Песчинки скрипели на зубах, набирались на седле, покрывали одежду, а когда я изредка сбрасывал дрёму и оглядывался по сторонам, сыпались с широких полей шляпы из войлока. Несколько часов назад над очередным барханом показался купол дворца Самфири (столица Парула, крупнейшего из трёх округов Талима, объединяет семь оазисов-городов, и около пятисот мелких оазисов, примечание авт.), караван оживился. Я на протяжении всего пути пытался понять этих людей. Что заставляет их жить в этом аду? Космопорт всегда к их услугам. Любой мир готов принять всё население Талима, но они остаются здесь. Живут почти в условиях каменного века и радуются каждой секунде каждого дня. А если приходит беда, то они смотрят на неё словно со стороны, никогда не переживают и не тратят воду на слёзы; они не сдаются, а идут дальше.

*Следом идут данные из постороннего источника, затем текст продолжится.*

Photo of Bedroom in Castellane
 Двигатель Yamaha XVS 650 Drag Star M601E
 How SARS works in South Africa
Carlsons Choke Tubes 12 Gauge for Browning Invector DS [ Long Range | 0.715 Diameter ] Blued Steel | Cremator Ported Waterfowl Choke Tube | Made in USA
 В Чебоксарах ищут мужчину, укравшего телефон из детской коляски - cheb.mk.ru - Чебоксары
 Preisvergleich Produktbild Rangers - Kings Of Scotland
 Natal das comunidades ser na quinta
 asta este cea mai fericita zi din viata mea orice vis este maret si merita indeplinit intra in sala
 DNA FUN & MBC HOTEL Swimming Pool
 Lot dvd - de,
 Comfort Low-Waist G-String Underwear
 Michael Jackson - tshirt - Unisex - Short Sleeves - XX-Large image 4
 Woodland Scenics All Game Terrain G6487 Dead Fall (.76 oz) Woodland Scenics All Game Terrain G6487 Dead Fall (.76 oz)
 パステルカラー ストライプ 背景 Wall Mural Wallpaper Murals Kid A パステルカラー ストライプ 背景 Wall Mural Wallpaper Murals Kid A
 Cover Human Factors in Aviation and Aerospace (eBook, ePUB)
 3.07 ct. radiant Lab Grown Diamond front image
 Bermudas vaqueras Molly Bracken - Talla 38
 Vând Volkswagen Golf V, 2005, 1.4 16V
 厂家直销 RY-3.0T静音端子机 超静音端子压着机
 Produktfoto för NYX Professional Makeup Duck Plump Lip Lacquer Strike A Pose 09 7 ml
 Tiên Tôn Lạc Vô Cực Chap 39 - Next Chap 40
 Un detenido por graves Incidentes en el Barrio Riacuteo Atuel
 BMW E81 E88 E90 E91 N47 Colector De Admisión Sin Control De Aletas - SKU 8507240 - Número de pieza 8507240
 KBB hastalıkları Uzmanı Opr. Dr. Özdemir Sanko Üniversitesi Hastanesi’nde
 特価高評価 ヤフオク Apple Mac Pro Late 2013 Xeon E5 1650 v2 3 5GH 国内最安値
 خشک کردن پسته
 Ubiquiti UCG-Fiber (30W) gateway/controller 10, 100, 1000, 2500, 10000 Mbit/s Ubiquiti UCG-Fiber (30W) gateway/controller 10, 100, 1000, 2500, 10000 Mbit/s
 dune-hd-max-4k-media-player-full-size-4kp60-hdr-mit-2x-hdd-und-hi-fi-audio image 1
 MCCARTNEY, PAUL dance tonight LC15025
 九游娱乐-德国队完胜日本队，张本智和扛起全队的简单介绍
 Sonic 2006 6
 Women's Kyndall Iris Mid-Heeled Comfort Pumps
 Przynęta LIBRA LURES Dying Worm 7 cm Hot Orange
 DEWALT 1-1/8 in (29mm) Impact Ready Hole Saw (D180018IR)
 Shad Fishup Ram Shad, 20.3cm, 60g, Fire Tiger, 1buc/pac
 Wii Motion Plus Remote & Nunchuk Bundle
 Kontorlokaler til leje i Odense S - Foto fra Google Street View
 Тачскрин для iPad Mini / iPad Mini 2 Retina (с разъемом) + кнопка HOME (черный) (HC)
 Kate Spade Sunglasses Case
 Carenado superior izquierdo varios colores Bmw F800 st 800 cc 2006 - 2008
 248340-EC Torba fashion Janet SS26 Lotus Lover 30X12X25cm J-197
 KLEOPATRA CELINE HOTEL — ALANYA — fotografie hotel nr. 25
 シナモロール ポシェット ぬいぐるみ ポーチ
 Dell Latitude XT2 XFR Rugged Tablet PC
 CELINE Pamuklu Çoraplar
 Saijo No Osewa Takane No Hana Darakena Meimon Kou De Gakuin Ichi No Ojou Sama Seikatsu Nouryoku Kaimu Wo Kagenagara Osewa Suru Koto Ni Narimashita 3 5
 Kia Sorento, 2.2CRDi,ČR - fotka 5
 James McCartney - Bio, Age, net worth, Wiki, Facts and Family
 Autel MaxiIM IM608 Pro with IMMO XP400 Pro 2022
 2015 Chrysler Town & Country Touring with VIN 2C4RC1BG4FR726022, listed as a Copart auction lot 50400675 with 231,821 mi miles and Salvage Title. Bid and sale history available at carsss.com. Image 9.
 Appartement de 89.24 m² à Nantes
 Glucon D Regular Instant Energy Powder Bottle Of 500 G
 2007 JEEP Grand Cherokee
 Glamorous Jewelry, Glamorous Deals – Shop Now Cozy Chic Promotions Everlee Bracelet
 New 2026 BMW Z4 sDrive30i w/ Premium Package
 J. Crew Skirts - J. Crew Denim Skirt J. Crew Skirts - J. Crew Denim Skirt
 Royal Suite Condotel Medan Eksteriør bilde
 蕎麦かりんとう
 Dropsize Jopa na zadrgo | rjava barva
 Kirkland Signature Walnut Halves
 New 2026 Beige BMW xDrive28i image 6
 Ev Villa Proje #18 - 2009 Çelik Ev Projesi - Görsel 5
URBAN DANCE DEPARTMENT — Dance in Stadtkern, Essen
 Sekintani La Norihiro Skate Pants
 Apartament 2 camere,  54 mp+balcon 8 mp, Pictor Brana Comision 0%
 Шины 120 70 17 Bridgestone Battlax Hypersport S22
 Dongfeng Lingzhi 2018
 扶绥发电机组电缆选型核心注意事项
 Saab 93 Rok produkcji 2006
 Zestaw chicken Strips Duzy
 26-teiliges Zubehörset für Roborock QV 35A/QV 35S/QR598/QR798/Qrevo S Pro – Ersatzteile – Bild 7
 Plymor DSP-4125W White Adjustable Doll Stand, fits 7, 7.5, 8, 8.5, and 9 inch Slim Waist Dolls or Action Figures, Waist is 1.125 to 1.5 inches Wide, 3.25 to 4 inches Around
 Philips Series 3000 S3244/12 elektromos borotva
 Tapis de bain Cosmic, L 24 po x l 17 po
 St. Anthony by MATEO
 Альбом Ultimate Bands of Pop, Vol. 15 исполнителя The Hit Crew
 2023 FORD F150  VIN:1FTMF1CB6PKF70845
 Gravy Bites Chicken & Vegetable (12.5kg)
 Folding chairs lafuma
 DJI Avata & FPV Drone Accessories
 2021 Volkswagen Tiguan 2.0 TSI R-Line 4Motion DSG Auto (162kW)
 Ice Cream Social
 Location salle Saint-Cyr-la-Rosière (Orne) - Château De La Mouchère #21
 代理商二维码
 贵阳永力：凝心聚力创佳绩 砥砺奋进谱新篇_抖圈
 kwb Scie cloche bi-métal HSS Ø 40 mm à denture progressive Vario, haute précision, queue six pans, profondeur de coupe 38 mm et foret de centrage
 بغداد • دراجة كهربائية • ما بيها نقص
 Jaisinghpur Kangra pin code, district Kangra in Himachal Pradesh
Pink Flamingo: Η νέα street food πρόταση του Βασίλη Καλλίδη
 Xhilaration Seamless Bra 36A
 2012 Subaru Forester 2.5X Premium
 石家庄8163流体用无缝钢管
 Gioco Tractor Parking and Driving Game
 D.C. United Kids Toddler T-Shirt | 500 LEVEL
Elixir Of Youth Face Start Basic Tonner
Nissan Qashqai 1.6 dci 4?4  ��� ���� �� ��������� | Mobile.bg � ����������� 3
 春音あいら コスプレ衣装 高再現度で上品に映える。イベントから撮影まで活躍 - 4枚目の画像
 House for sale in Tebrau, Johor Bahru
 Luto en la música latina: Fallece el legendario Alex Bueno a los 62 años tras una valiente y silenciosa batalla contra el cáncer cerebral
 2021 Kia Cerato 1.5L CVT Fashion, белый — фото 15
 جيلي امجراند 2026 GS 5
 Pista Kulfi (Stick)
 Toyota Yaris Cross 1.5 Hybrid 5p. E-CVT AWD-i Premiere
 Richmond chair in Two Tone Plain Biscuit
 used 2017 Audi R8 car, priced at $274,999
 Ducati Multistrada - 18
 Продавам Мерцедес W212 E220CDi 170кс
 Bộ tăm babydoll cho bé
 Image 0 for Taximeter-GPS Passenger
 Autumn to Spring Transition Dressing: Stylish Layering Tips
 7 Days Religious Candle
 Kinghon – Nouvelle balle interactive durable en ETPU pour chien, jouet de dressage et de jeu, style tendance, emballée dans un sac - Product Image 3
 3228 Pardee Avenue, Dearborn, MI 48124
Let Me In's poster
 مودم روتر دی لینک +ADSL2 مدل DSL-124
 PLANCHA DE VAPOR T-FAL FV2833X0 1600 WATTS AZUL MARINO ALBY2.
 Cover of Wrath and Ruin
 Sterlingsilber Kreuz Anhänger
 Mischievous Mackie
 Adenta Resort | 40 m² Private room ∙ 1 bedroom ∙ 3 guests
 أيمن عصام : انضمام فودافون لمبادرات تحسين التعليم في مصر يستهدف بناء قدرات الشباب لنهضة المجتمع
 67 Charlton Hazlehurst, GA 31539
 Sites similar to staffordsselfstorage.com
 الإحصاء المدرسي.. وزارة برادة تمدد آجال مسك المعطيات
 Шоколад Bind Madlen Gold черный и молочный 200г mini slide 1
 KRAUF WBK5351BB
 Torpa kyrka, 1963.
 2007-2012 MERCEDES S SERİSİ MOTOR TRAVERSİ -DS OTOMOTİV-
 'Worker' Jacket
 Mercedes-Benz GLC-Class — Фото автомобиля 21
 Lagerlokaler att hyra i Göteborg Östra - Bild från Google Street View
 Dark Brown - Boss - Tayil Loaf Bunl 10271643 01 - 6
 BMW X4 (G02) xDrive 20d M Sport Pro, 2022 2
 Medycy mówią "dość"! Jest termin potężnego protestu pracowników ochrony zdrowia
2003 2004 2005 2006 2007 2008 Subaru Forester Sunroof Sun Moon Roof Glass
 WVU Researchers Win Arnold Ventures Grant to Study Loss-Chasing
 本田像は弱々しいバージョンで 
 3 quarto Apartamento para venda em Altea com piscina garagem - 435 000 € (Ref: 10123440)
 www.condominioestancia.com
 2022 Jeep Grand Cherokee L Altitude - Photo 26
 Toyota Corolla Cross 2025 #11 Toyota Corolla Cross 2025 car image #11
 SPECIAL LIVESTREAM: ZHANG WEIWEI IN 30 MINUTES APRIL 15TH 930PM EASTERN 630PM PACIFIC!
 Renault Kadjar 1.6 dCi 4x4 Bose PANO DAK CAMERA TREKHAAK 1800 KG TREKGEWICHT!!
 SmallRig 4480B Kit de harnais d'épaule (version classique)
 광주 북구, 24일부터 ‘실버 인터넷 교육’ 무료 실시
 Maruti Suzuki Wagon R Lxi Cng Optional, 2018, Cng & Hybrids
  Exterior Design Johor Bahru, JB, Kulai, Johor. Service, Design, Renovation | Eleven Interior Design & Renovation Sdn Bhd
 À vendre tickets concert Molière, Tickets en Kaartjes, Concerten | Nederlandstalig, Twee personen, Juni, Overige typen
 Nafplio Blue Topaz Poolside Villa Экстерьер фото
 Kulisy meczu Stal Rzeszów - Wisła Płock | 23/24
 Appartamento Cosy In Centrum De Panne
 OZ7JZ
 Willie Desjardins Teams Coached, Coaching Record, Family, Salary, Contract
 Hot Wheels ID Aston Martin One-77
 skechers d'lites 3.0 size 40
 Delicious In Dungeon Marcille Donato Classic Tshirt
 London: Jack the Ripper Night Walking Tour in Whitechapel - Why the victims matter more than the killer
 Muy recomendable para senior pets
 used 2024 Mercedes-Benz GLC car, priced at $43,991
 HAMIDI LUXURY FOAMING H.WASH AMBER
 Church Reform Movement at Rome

– Слава, ты сегодня увидишь прекраснейший из городов Талима! – ко мне подъехал проводник Радим, и из-под его капюшона сверкнула улыбка, а глаза горели от возбуждения.
– Самфири, столица Парула, самого большого княжества, – ответил я эхом, заворожённый открывающимся видом.
Таких городов нет больше нигде. Построенные из камня примитивными инструментами, здания восхищали своей красотой и лёгкостью, неисчислимые мостики и переходы между домами создавали сложнейшую сеть пешеходных дорожек, белый цвет отделки верхней части самых высоких башен отражал свет звезды и был виден за сотни километров, сам дворец будто парил над городом и пустыней, несмотря на массивное основание, его купола находились на такой высоте, что всё строение было изящным и стройным. Всё это великолепие было опутано системой водоносных каналов, повсеместно расположенными висячими садами, фонтанами. Вода лилась отовсюду, стекала по желобам каменной кладки, давая жизнь разнообразным мхам, выбивалась тонкими струйками из сопел на крышах и испарялась, не долетая до земли, журчала в искусственных ручейках, крутилась в круглых бассейнах и, переливаясь через их края, стремилась дальше. Вода лилась в Самфири, значит город жил.
Подъезжая к защитным стенам, караванщики сняли носовые дыхательные фильтры, влажность воздуха стала допустимой и незащищённый вдох уже не вызывал боль и приступы бесконечного кашля.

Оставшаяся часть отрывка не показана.